All the performers are male, however they manage to tell stories about murdered babies and raped women. In some ways, the absence of females in this portrayal avoids any clichéd representations and instead highlights the sheer horror of the situation.
Other confronting topics, such as murder, self-mutilation, masturbation and torture are also told abstractly, what one of the choreographers, Germaine Acogny, describes as an “exorcism” for the people who have lived through it. Through music and movement, this highly physical performance captures what language alone cannot.
You can feel the insanity seeping in, through the chaotic bodily jerks and the sounds of sharpening metal against ominous drumming. The flapping of the hands and arms is like a trapped bird trying to escape – and you, the audience, are saddened to know that the trapped bird will only be able to escape through death.
The dance is a combination of the frenetic African and the slower, more poignant Japanese butoh style. The sounds of cicadas, winds and windchimes are a constant backdrop to the piece, creating an eerie atmosphere of things to come. It represents both the peacefulness that existed before the genocide as well as the stillness of death afterwards.

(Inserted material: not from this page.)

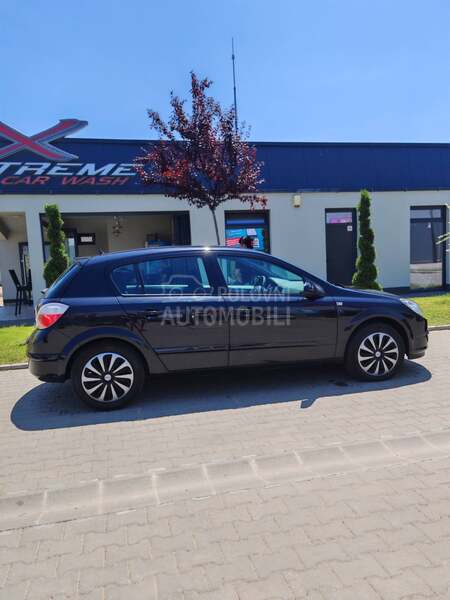 Opel Astra H 1.6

Although the set is simple, it is highly effective. Red and white cloths are draped around the stage, which later in the performance are colours that the performers themselves wear. Representing purity, death, madness and war, they are also colours of an African goddess. For a few moments there is a magical blue, fairy like atmosphere created by the lighting and sound. The serenity is quickly lost, however, only replaced by the darkness once more.
Germaine explains that the idea for this dance piece came from two books dealing with slavery and genocide, Murambi, le livre des ossements and Dans le nu de la vie. It led her to think, Could I be a murderer too? After watching Fagaala, you’ll be glad to never need to know the answer, if the same question were asked of you. For us, genocide is a hypothetical situation, rather than a stark, brutal reality.